This is an R Markdown document. Markdown is a simple formatting syntax for authoring HTML, PDF, and MS Word documents. For more details on using R Markdown see http://rmarkdown.rstudio.com.
When you click the Knit button a document will be generated that includes both content as well as the output of any embedded R code chunks within the document. You can embed an R code chunk like this:
#Problem 1. Dice Rolls
#If you roll a pair of fair dice, what is the probability of..
#(a) getting a sum of 1?
#The minimum number of dice is 1, so two dics are impossible to get summary of 1
sum1<-0
sum1
## [1] 0
#(b) getting a sum of 5?
#The combination to get summary 5 is (1,4), (2,3),(3,2)(4,1). And every number has 1/6 possiblity
sum2<-((1/6)*(1/6))*4
sum2
## [1] 0.1111111
#(c) getting a sum of 12?
#The combination to get summary 12 is (6,6).
sum3<-(1/6*1/6)
sum3
## [1] 0.02777778
#Problem 2. School absences
#Data collected at elementary schools in DeKalb County, GA suggest that each year roughly 25% of students miss exactly one day of school, 15% miss 2 days, and 28% miss 3 or more days due to sickness.
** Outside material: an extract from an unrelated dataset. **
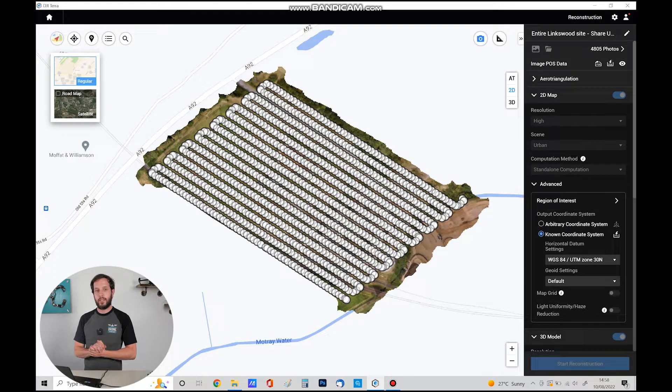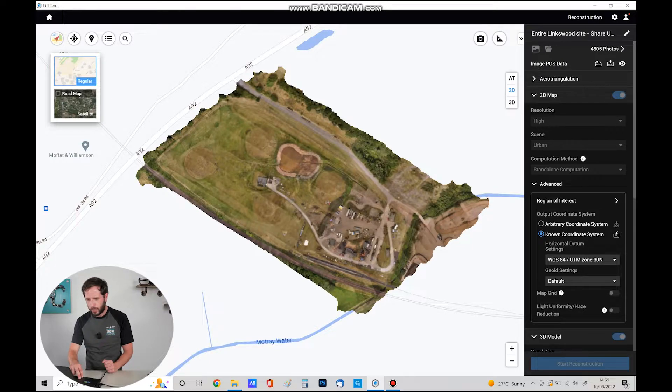That's the 4,800 photos all in DJI Terra reconstruction software — the 2D map and 3D maps are now ready to view. Time scales for DJI Terra: the 2D map for 4,800 photos took about three to four hours; the 3D reconstruction was about double that, so around eight hours. Times will vary depending on what reconstruction software you're using. Each white dot on screen indicates where five photos were taken at each capture point.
#(a) What is the probability that a student chosen at random doesn’t miss any days of school due to sickness this year?
p0=(1-0.25-0.15-0.28)
p0
## [1] 0.32
#(b) What is the probability that a student chosen at random misses no more than one day?
p1=p0+0.25
p1
## [1] 0.57
#(c) What is the probability that a student chosen at random misses at least one day?
p2=1-p0
p2
## [1] 0.68
#(d) If a parent has two kids at a DeKalb County elementary school, what is the probability that neither kid will miss any school? Note any assumption you must make to answer this question.
p3=p0*p0
p3
## [1] 0.1024
#(e) If a parent has two kids at a DeKalb County elementary school, what is the probability that both kids will miss some school, i.e. at least one day? Note any assumption you make.
p4=p2*p2
p4
## [1] 0.4624
#(f) If you made an assumption in part (d) or (e), do you think it was reasonable? If you didn’t make any assumptions, double check your earlier answers.
#Answer: Kid might miss school altogether, so it is dependent event. Question e don't make any assumption will get incorrect answer.
#Problem 3. Health coverage, relative frequencies
#The Behavioral Risk Factor Surveillance System (BRFSS) is an annual telephone survey designed to identify risk factors in the adult population and report emerging health trends. The following table displays the distribution of health status of respondents to this survey (excellent, very good, good, fair, poor) and whether or not they have health insurance.
mat=matrix(c(.023, 0.0364, 0.0427, 0.0192, 0.0050,0.2099, 0.3123 ,0.2410 ,0.0817,0.0289), byrow=TRUE, nrow=2)
colnames(mat)=c("Excellent", "Very Good","Good", "Fair","Poor")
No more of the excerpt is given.